YOUR OBJECTIVE: What you should give back is a precise copy of the lines below from the one containing "Retro Orange Birds" through the one containing "Taburet Chesterfield III pravá kůže zelený", with no pictures.

DATASET EXTRACT:
┄┄┄┄┄┄┄┄┄┄

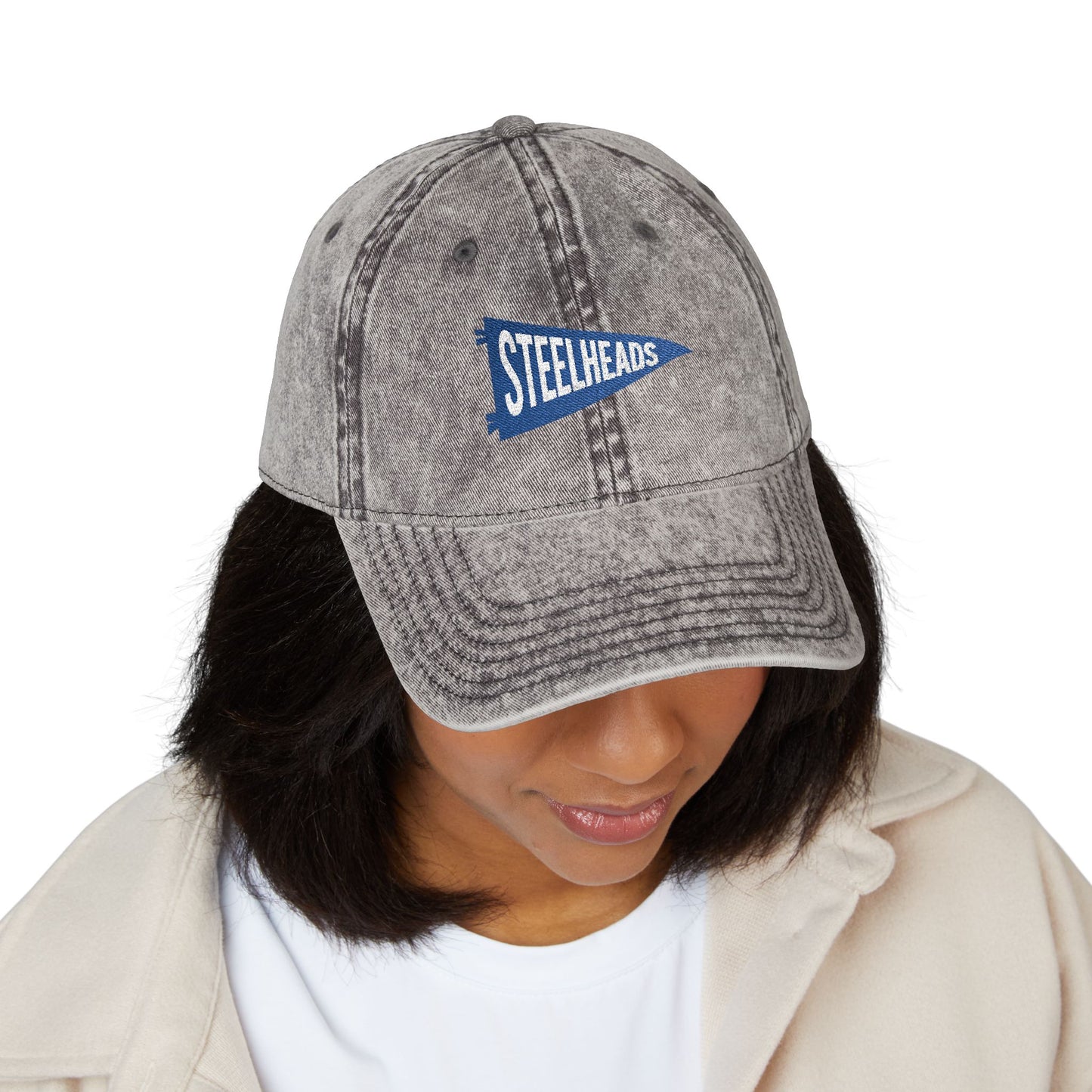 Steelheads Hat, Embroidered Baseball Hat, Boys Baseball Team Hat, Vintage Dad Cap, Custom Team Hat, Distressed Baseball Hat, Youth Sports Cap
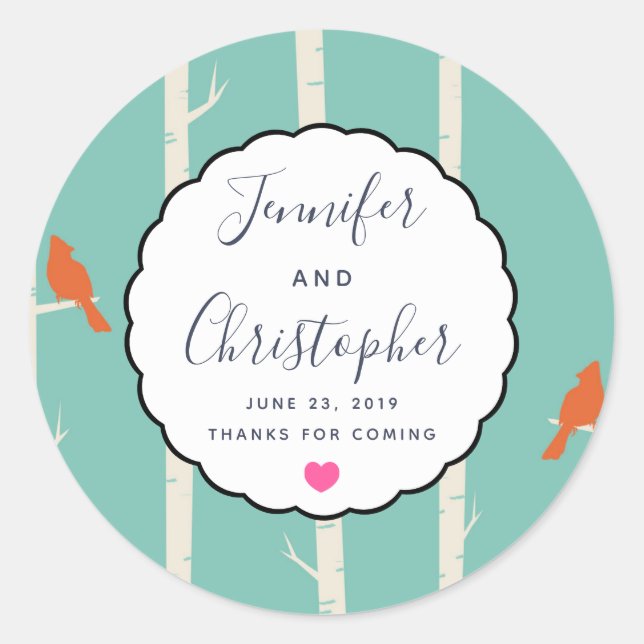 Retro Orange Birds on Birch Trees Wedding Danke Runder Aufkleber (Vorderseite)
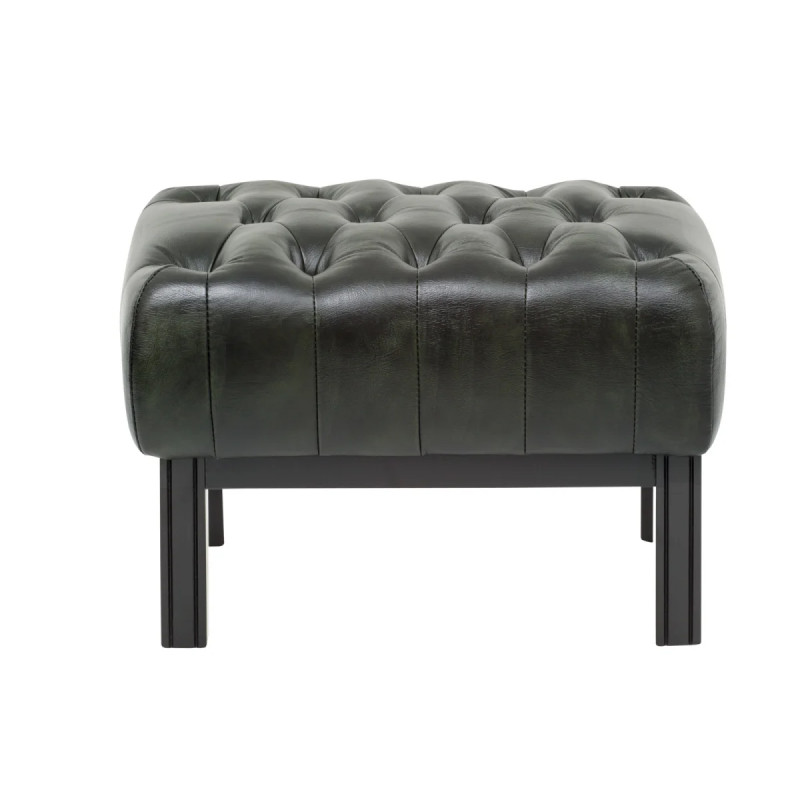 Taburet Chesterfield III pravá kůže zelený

┄┄┄┄┄┄┄┄┄┄

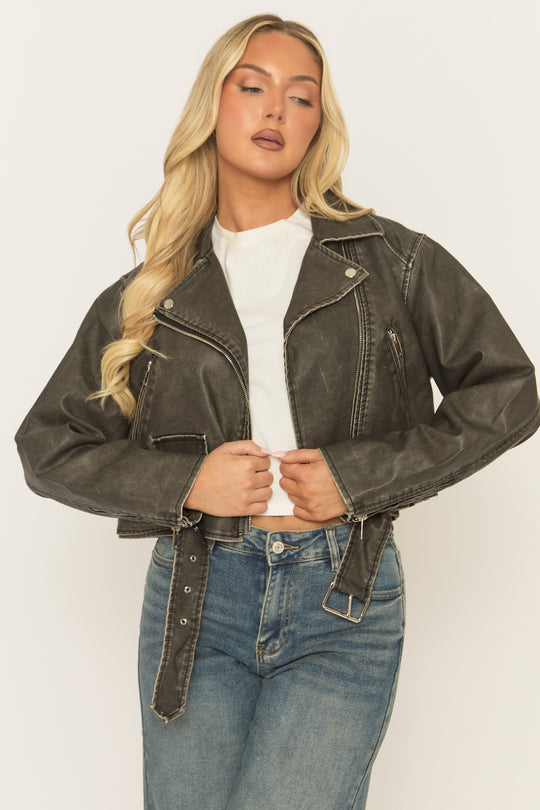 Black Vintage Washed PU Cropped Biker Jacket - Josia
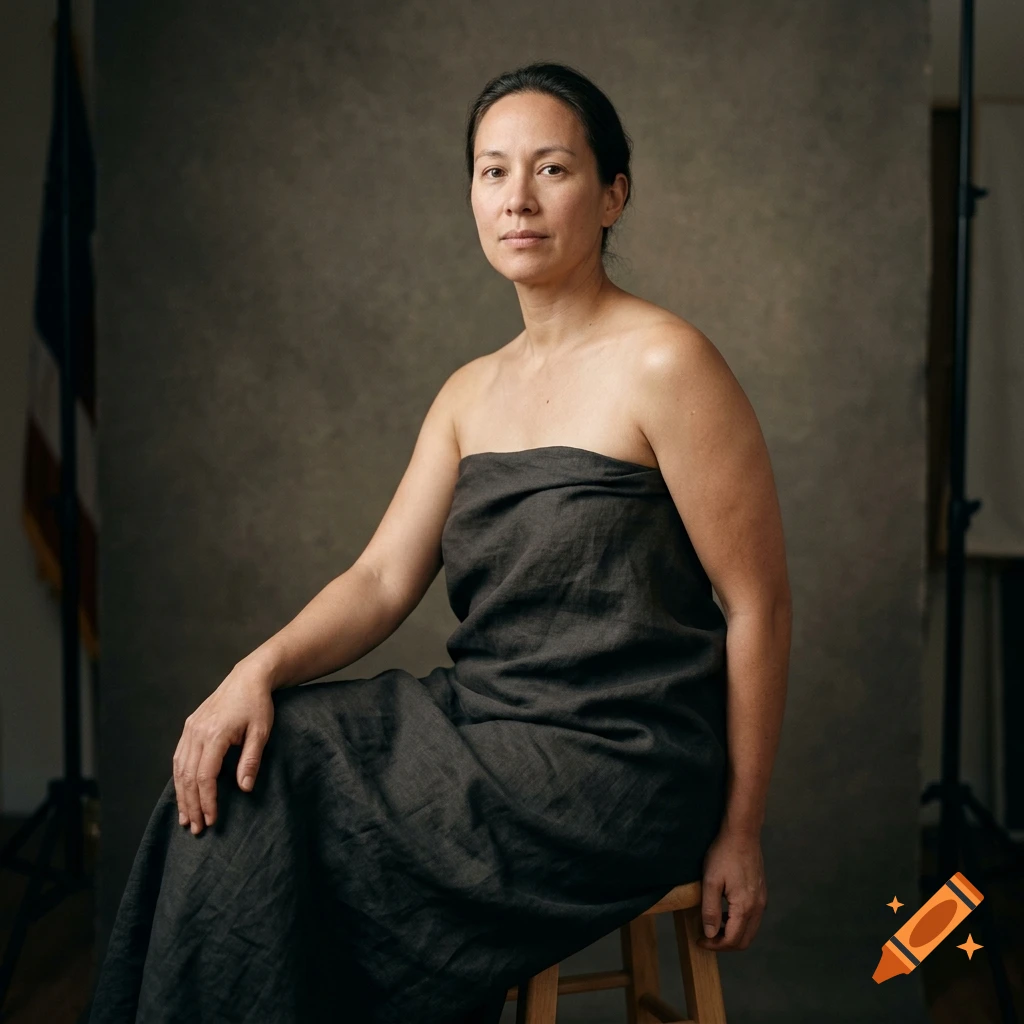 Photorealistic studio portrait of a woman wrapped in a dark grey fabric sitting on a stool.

┄┄┄┄┄┄┄┄┄┄

EXPECTED ANSWER:
 Retro Orange Birds on Birch Trees Wedding Danke Runder Aufkleber (Vorderseite)
 Taburet Chesterfield III pravá kůže zelený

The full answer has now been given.